Pipes and tubular conduits – Flexible – Spirally wound material
Reexamination Certificate
2000-12-12
2002-03-12
Brinson, Patrick (Department: 3752)
Pipes and tubular conduits
Flexible
Spirally wound material
C138S134000, C138S129000, C138S133000
Reexamination Certificate
active
06354333
ABSTRACT:
BACKGROUND OF THE INVENTION
The present invention relates to a flexible pipe for transporting, over long distances, a fluid which is under pressure and possibly at a high temperature, such as a gas, petroleum, water or other fluids. The invention relates most particularly to a pipe intended for offshore oil exploration. It relates especially, first, to the flow lines, that is to say flexible pipes unwound from a barge in order to be laid generally on the bottom of the sea and connected to the subsea installations, such pipes working mainly in static mode, and, secondly, to the “risers”, that is to say flexible pipes which are unwound from a surface installation such as a platform and are connected to the subsea installations and most of which do not lie below the seabed, such pipes working essentially in dynamic mode.
The flexible pipes used offshore must be able to resist high internal pressures and/or external pressures and also withstand longitudinal bending or twisting without the risk of being ruptured.
They have various configurations depending on their precise use but in general they satisfy the constructional criteria defined in particular in the standards API 17 B and API 17 J drawn up by the American Petroleum Institute under the title “Recommended Practice for Flexible Pipe”. Reference may also be made to documents FR 2 654 795 A, WO 98/25 063 A and FR 2 744 511 A.
A flexible pipe generally comprises, from the inside outward:
an internal sealing sheath made of a plastic, generally a polymer, able to resist to a greater or lesser extent the chemical action of the fluid to be transported;
a pressure vault resistant mainly to the pressure developed by the fluid in the sealing sheath and consisting of the winding of one or more interlocked profiled metal wires (which may or may not be self-interlockable) wound in a helix with a short pitch around the internal sheath;
at least one ply (and generally at least two crossed plies) of tensile armor layers whose lay angle measured along the longitudinal axis of the pipe is less than 55° C.; and
an external protective sealing sheath made of a polymer.

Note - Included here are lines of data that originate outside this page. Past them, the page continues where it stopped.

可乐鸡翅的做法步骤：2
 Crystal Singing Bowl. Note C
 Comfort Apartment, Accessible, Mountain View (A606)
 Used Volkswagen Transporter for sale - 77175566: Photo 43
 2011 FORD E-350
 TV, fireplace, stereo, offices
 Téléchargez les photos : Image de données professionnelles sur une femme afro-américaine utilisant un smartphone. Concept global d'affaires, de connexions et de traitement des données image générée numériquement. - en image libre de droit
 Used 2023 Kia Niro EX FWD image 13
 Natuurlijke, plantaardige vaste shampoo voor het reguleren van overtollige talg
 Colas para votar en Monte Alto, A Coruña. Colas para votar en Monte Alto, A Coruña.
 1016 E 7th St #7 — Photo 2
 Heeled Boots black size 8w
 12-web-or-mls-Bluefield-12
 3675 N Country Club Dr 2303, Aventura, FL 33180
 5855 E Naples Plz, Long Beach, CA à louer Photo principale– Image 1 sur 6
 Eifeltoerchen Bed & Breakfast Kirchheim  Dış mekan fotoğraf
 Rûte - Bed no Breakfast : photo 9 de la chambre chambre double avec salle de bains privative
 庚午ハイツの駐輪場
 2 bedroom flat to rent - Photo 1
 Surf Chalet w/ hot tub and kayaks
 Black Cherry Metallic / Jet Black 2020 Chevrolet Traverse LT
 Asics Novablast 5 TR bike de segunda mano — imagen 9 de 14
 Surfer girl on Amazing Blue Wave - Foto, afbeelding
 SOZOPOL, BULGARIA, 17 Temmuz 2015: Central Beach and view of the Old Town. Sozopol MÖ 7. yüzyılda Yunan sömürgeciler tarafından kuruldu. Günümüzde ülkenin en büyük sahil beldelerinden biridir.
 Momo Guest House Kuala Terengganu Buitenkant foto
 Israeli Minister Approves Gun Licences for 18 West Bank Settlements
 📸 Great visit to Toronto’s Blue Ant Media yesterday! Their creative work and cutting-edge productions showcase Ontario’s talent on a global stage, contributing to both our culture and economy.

Such a structure is that of a pipe with a so-called smooth bore. In a pipe with a so-called rough bore, a carcass consisting of an interlocked metal strip, which serves to prevent the pipe being crushed under external pressure, is also provided inside the internal sealing sheath.
The pressure vault consists of a winding of non-touching turns so as to give the pipe a degree of flexibility. The expression “non-touching turns” is understood to mean turns between which a certain space or interstice, called hereafter “gap”, is left, which gap may be greater the larger the wound profiled wire.
Due to the effect of the internal pressure and/or of the temperature developed by the fluid, the internal sealing sheath, which is relatively soft, is pressed against the internal face of the pressure vault and has a tendency to penetrate one or more inter-turn gaps. The penetration or creep tendency of the sealing sheath increases with the duration and/or the severity of the operating conditions of the flexible pipe, for example when the fluid to be conveyed flows under a high pressure (several hundred bar) and/or at a high temperature (greater than 100° C.), a high temperature generally reducing the rigidity of the internal sealing sheath. When the sealing sheath gradually penetrates the gaps, either cracks are produced, which thus affect the sealing function of the internal sheath, or even one or more local fractures of the internal sheath occur, the consequence of such incidents being an intrusion of the fluid to the outside of the internal sheath, which no longer fulfils the required sealing.
Several solutions have been proposed for limiting or trying to prevent the creep of the internal sheath into the gaps between the turns of the pressure vault, such as the choice of a thicker and/or stronger material for the sheath, but this generally results in an increase in the manufacturing cost of the pipe and often complicates its manufacture. A very advantageous solution has been proposed in document FR 2 744 511 A, which consists in winding an anti-creep tape having specific characteristics around the sealing sheath, this tape forming a sublayer lying beneath the internal face of the pressure vault, but the effectiveness of this solution encounters limitations at high pressures and for high flexible pipe diameters.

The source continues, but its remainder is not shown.